The Taiwanese have watched this happening and they elected Lai, who they believe can be relied on to protect Taiwan’s separate identity. This is a stark reminder of another Mr Lai, who is also a thorn in the flesh of the Chinese Communist Party (CCP). This is Jimmy Lai, the Hong Kong media mogul who encouraged his newspaper, the Apple Daily, to support the huge demonstrations against the CCP in Hong Kong. Although Jimmy Lai is an immensely wealthy man who could have taken refuge anywhere in the world, he chose to return to Hong Kong at the age of 76 to face trial for the new crime of sedition. The CCP and its agents in Hong Kong seem really enthusiastic about keeping him in prison until he dies, basically for voicing his opinion.

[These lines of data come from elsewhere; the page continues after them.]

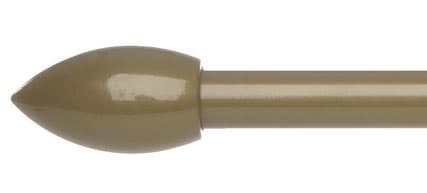 Garnišna May - metalna 120/210cm mesing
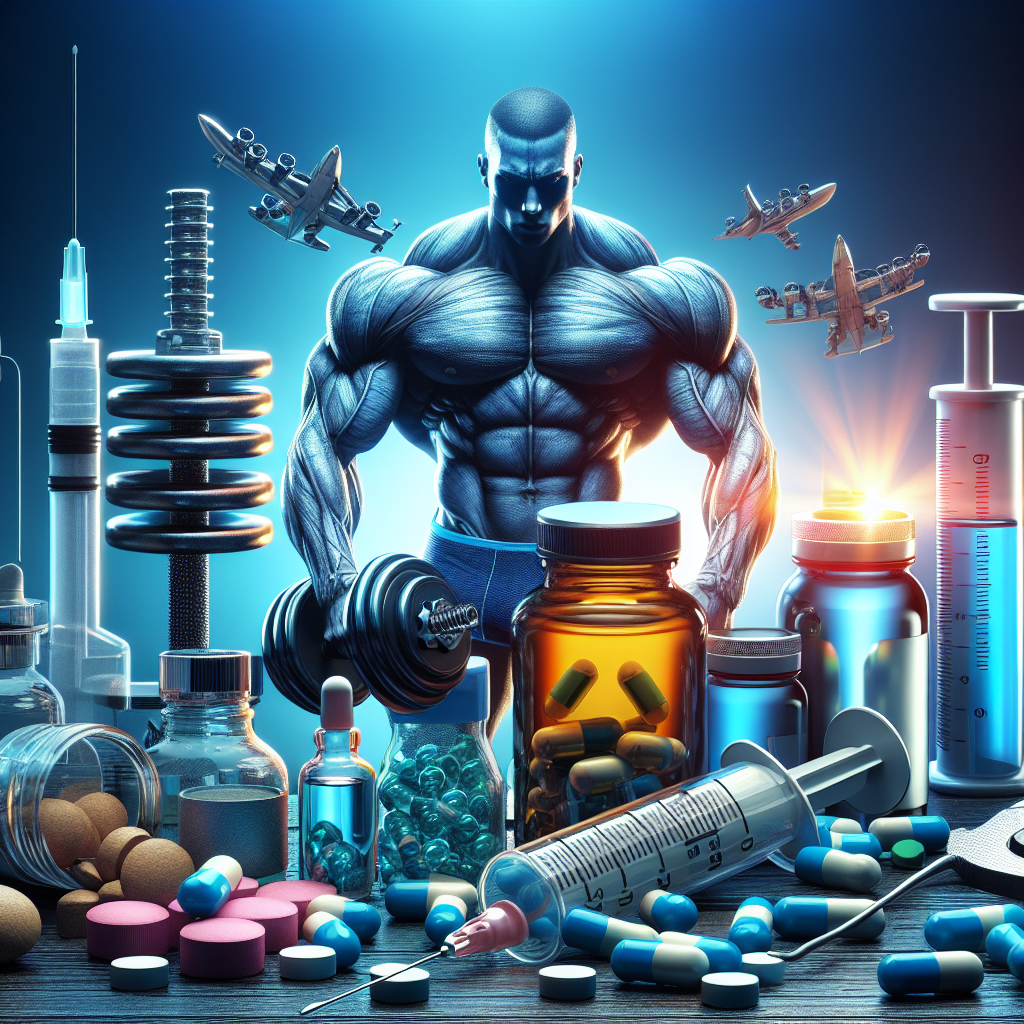 Utilizzo della Methyltestosterone negli atleti professionisti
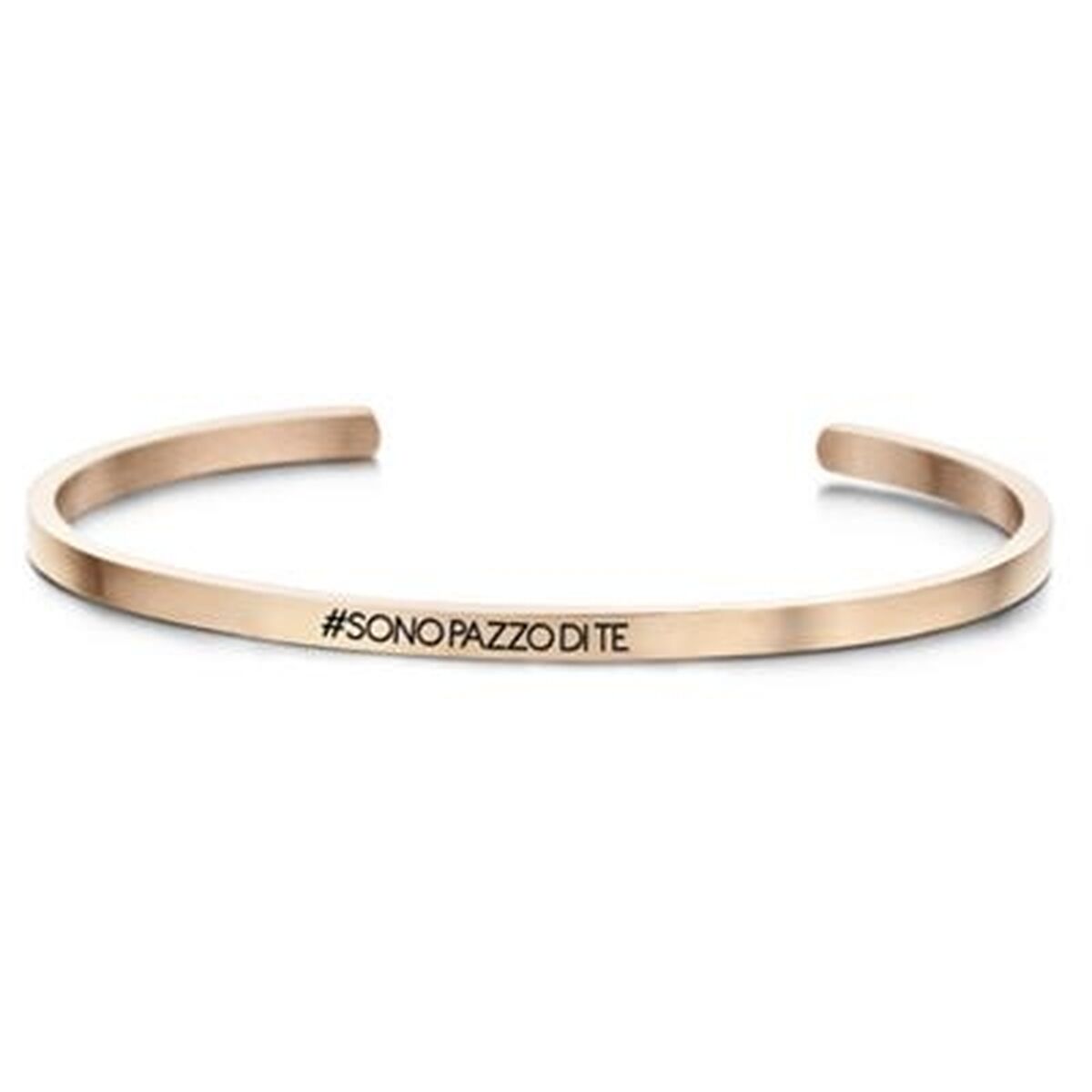 Bracelet Femme CO88 Collection 8CB-19034 Or rose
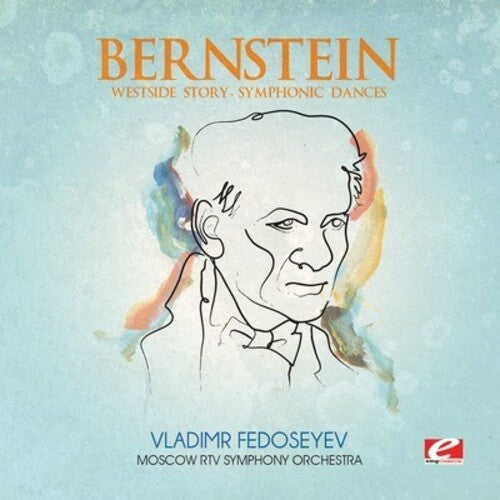 Vladimir Fedoseyev: Westside Story - COMPACT DISCS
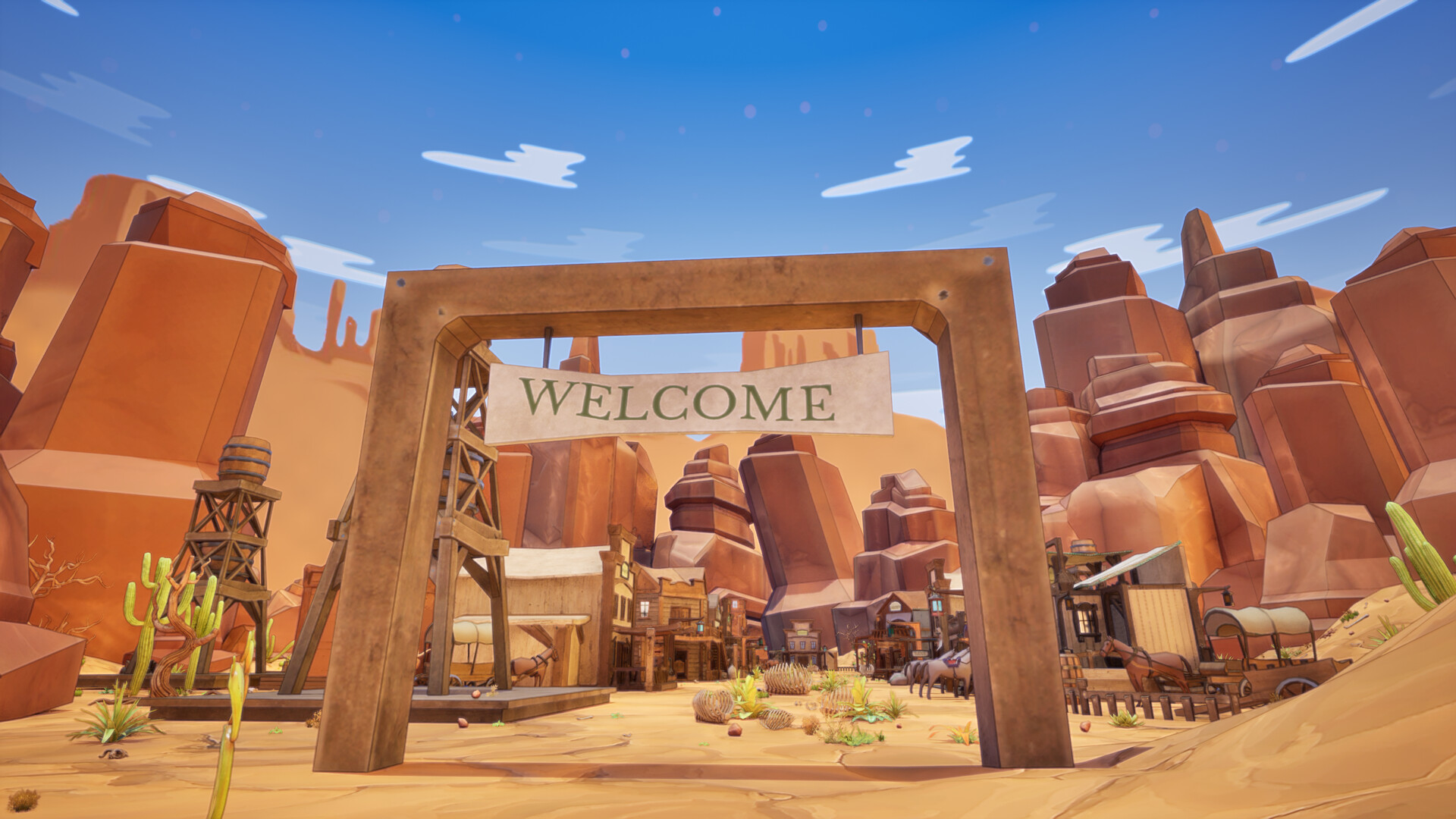 Six Blow: Bullet Rain - Screenshot 2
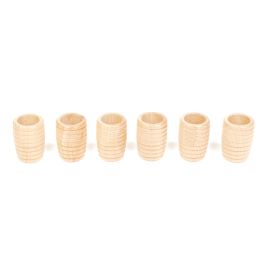 Grapat 6 BEEHIVE CUPS (DIVISIBLE PACK)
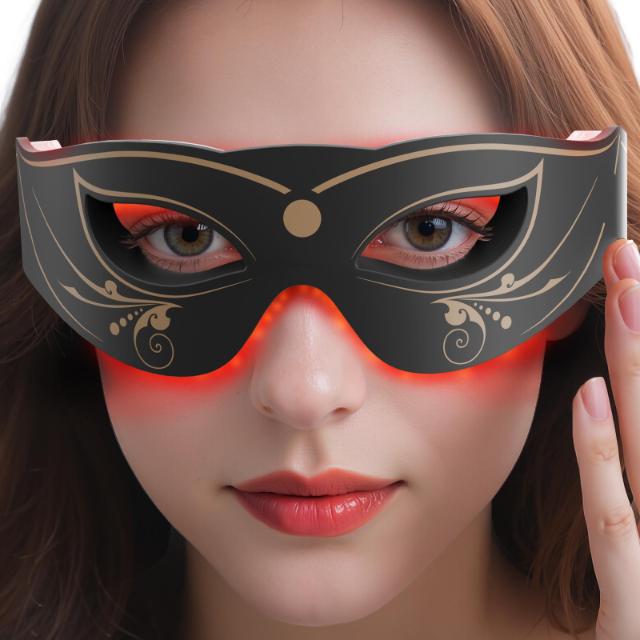 Red-light eye mask glasses – wholesale lot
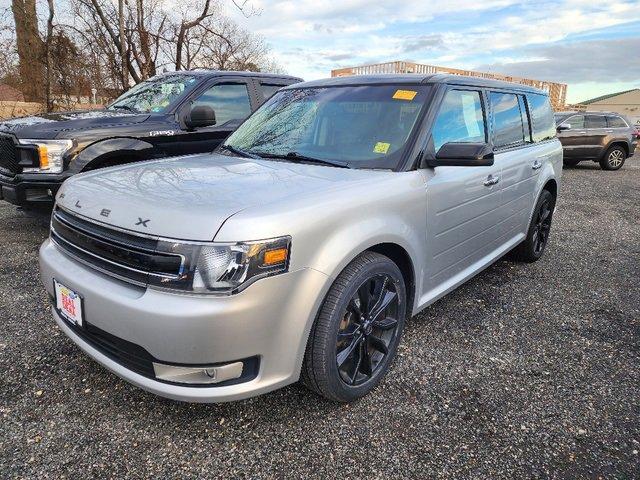 used 2018 Ford Flex car, priced at $19,900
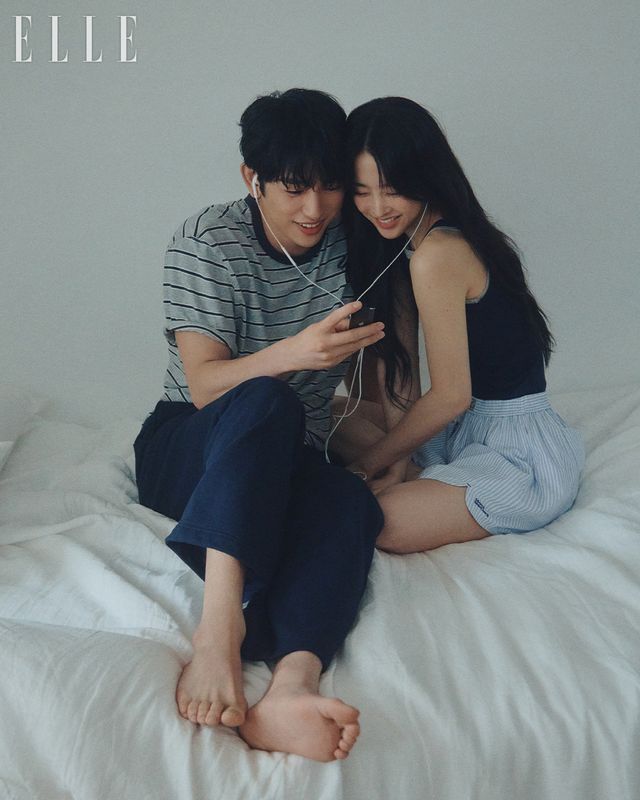 (사진 제공 = 엘르 코리아)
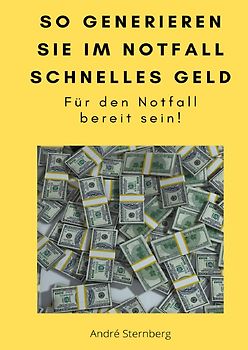 So generieren Sie im Notfall schnelles Geld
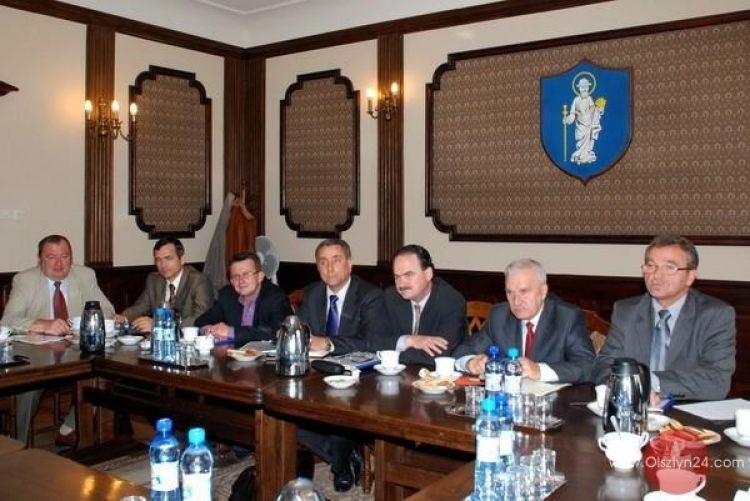 Spotkanie sąsiadów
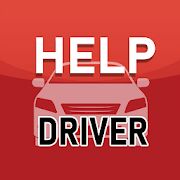 Скачать бесплатно Help Driver, Объединение Водителей [Максимальная] 2.8 - Русская версия apk на Андроид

In June 1997, I stood there in Hong Kong in the unrelenting rain watching the last British governor give back to China the pearl in its crown. We all feared for the perilous future Hong Kong faced but hoped the Chinese authorities would keep to their side of the bargain.

They did not. As I write, Jimmy Lai is fighting for his freedom in a courtroom in West Kowloon — a battle he, like Hong Kong itself, is almost certain to lose.

And what about the other Mr Lai, William, Taiwan’s newly elected president?  Chances are that while he will keep his distance from China, he’ll be keen not to offend the CCP. He won’t demand total independence. Instead he’ll play along with Taiwan’s old ways of doing things: staying separate and trying not to provoke China into invading.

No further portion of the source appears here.